Unfettered Capital Wreaks Havoc
This article is from the September/October 1998 issue of Dollars and Sense: The Magazine of Economic Justice available at http://www.dollarsandsense.org
This article is from the September/October 1998 issue of Dollars & Sense magazine.
Once upon a time, and not so very long ago, most countries restricted the flow of money across their borders. National sovereignty in economic affairs depended upon this. In order to manage their economies, in order to prevent mass unemployment and social upheaval, governments needed the ability to invest, borrow, spend, hire people. To pay for their spending, they needed the ability to print money and control interest rates. But the power to print money and control interest rates is meaningless if the wealthy, who own most of the money, can simply trade their money for a foreign currency and abscond with the wealth. Thus, after World War II, virtually every nation (the U.S. being a very rare exception) placed restrictions on how, when, and how much of its currency businesses and speculators could take out of the country. These restrictions were known as short-term capital controls.

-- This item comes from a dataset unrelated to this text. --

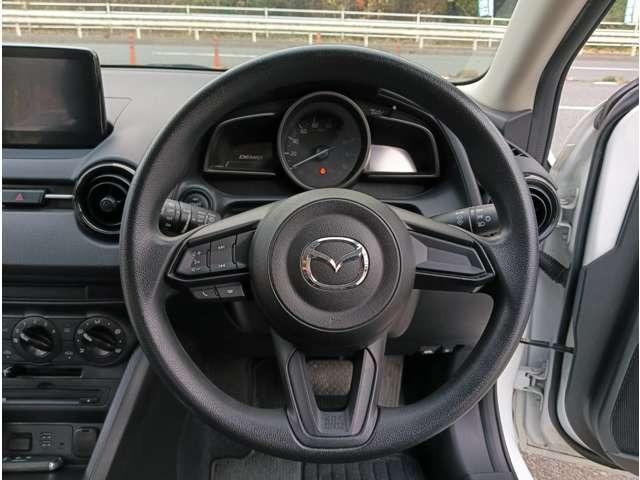 デミオ １３Ｃ　ワンオーナー　純正ナビ　バックカメラ　ＥＴＣ　アイドリングストップ　スマートキー　プッシュスタート　セキュリティー（18枚目）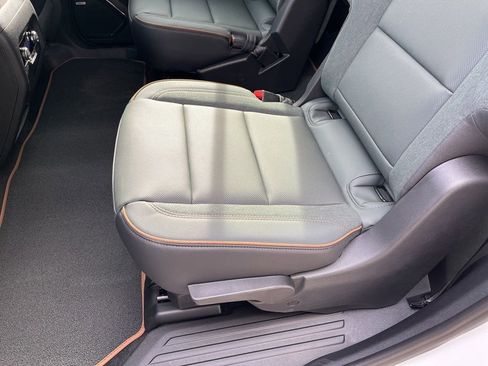 New 2026 GMC Acadia AT4 w/ Super Cruise Package AWD/4WD image 9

As businesses went global in the 1980s, they pressured governments to eliminate capital controls. An American company producing appliances in Italy for the European market didn't want to be stuck holding its earnings forever in the form of lira in Italian banks. The home office wanted dollars in New York. Multinational businesses and banks wanted the freedom to cash in lira for dollars or francs for yen, as they wished. As global companies spread their operations over the world, capital controls dissolved in their wake. And as controls dissolved, first in Europe, then South America, finally in Asia, speculators—bankers, currency traders, mutual fund managers—moved in. In country after country, financial operators poured money in, eagerly trading dollars or yen for pesos, cruzieros, rupiahs, and rubles, then using the proceeds to lend (at high interest rates) to new, fast-growing businesses or to play the local stock market. Fortunes were made in the receiving countries. In Russia, Mexico, Brazil, Indonesia—the list goes on and on—savvy businessmen and corrupt government officials, touting their open markets, sold off parts of the local economy and pocketed the proceeds.
Today, the concerns that drove countries in the past to restrict this sort of money-trading have, as they say, come home to roost. In Mexico, in Russia, in Korea and Thailand, the bankers and fund managers who lent and bought so eagerly proved just as quick to turn heel and flee. When foreign money pulled out of these countries, their stock markets crashed, banks failed, businesses defaulted on loans and closed for lack of credit. The value of the local currencies plummeted, rendering essential imports unaffordable. While the international banks run to the International Monetary Fund (IMF), clamoring for repayment, the victims of these financial hit-and-runs remain in critical condition. Mexico, for example, with its corrosive unemployment, still has not recovered from its encounter with global banks in 1994 (remember the peso crisis?). The countries of East Asia, whose "crisis" began one year ago, are still reeling, the bottom not yet in sight. Russia, virtually comatose since the ruble crisis of 1991, is now devastated by a new round of capital flight.
Boosters of unfettered money—the global finance industry and its mouthpiece, the IMF—predictably, blame the victims. "Crony capitalism!" "Inefficiency!" "Poor fiscal management!" they crow. They, the public is assured, knew it all along. They, we are told, do the world a service, forcing backwards countries to modernize. What the free-market folks fail to explain is this: If these markets were so inefficient, these economies so badly managed, why were the global banks and fund managers so hot to lend them money in the first place?
Market-boosters have another argument. If the public (via the IMF) doesn't pay off the banks' bad loans and restore their shaken confidence, who will provide new loans to these, now desperate and depressed, economies? How will Mexicans buy corn, Indonesians buy rice, Russians buy grain for their hungry? Are they to starve? Furthermore, if the crisis countries can't buy American-made stuff, Americans will lose jobs. The banks appear to have the world economy in a choke-hold. Countries that can't attract money from the global financial markets can't buy goods on world markets. But the global finance companies won't lend countries money—particularly little countries whose currencies aren't of much use internationally—unless the public underwrites the debt. And here's the kicker. If the banks and mutual funds lend lots of money to a country, then get spooked and start pulling out, thereby setting off a financial panic and causing their own losses—they still want to be repaid.
It is by now obvious that the IMF's response to these "crises"—forcing countries to raise interest rates, the better to attract foreign money to pay their debts to foreign money-lenders—while a boon to financial institutions, is disastrous for the world economy. The crisis in Asia has made it abundantly clear that the prospects for world economic cooperation and development can no longer rest on the whims and dictates of the global financial establishment. It is time to reinstate controls on short-term capital movements. Simple restrictions like imposing taxes, waiting periods, or quotas on cross-border money flows are workable, enforceable and demonstrably effective. The power and mobility of global finance must be curbed.